How would I check for voltage at the coil? I have a voltage meter but I'm not sure how to use it.

I looked at the wiring this morning and the wire from the switch to the coil looks alittle beat up. I will replace it and see it that helps. Since this tractor is so old the electrical system isn't much more complicated than a lawn mower. 

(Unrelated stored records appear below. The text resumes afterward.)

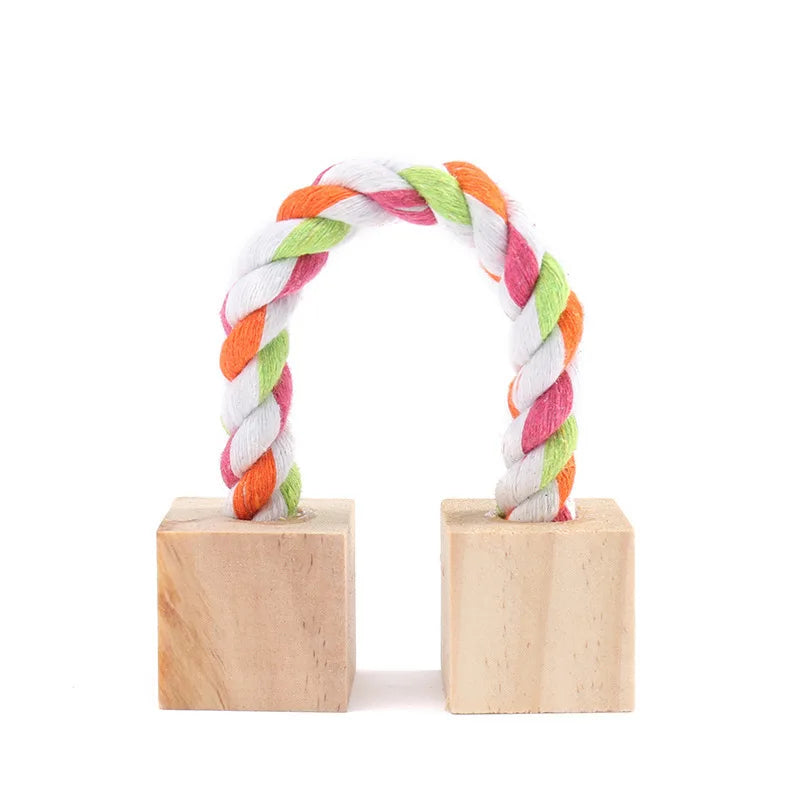 Small Pet Chew Toy Variety Set for guinea pigs, rabbits, hamsters, and rats from Burrowly small pet supplies.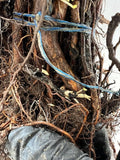Boyne Raspberry bare root
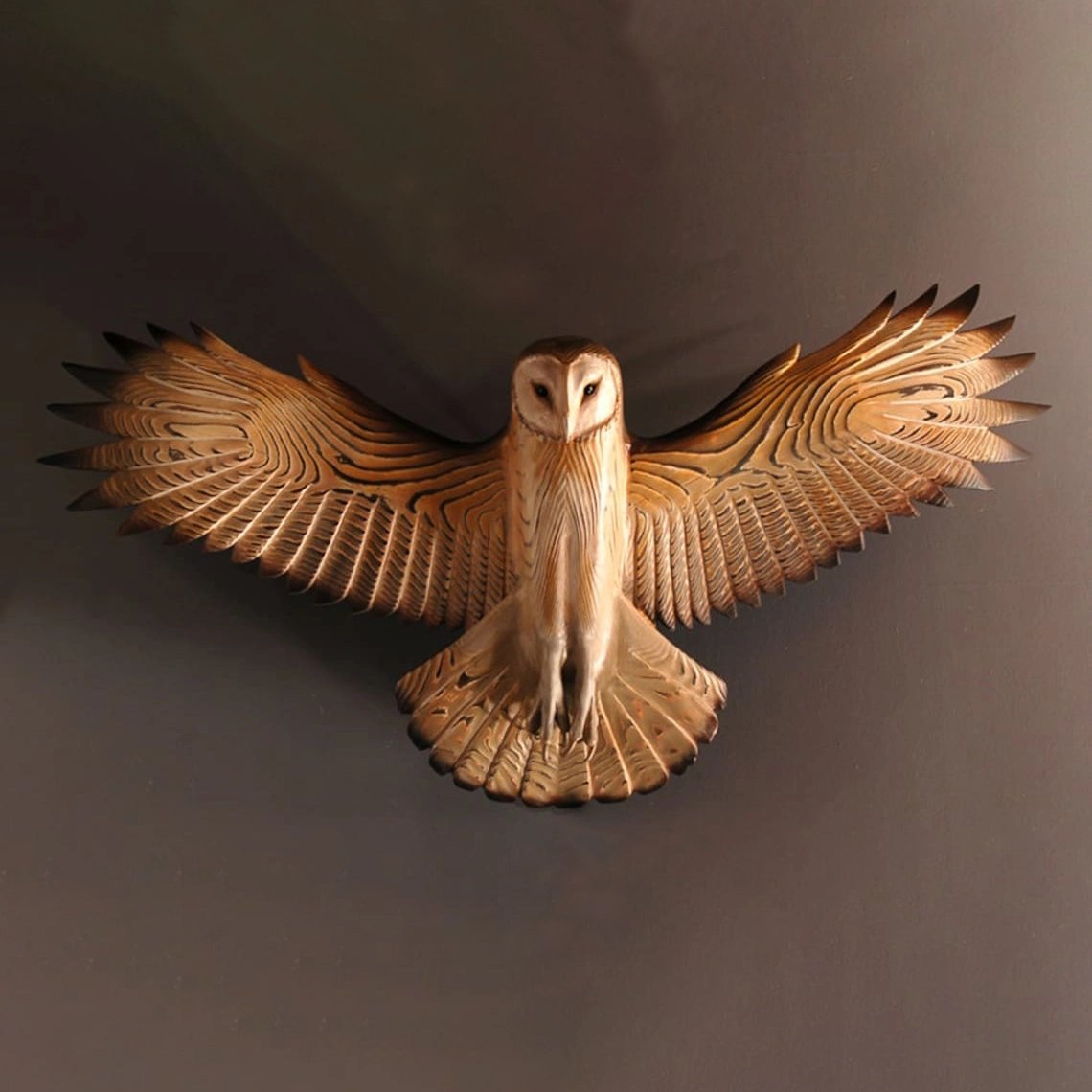 Sguardo magnifico dell'allocco in edizione artistica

I was also going to check the switch since it is old if not original. I would think it is something like the switch since it went from starting and running well to nothing almost overnight. I've always heard that switches either work or they don't. No in between. After I change the wire to the coil I will try bypassing the switch and see if that works

Thanks
Andy


----------



## Live Oak (Dec 22, 2003)

Most if not all coils have 2 electrical posts in addition the the spark wire receptacle. In many cases each electrical wire post is labeled + or -. Depending upon if your Case electrical system is 6, 12, or 24 volt; set your voltmeter to according on the DC scale. Place the black voltmeter probe on a known good solid ground on the tractor and the red probe on the + terminal. You should be able to read a voltage. If none of the wire terminals are marked + or -, just try testing each terminal for voltage. Dependging upon if you have an inline resistor or not, you should read a voltage of 6, 12, or 24 volts or a lesser voltage if there is an inline resistor. Bottom line is pretty much that if you have at least 6 volts or there abouts, the coil should be producing a spark and the problem is likely in the distributor. IF no voltage at the coil or a very low (or close to no voltage), the problem is likely prior to the coil. Hope this helps.


----------



## chrpmaster (May 5, 2004)

Thanks Randy

When I tried your suggestion and was looking for a "a known good solid ground on the tractor" I tried to use the main ground next to the starter since it was just below the coil. Then I noticed the ground wire moved when I touched it with the meter probe. Duh! :dazed:
Once I tightened the ground wire it fired right up. 

Its always the little things that get you.

Andy


----------



## Live Oak (Dec 22, 2003)

Very welcome Andy. Glad things worked out on the cheap and easy!


----------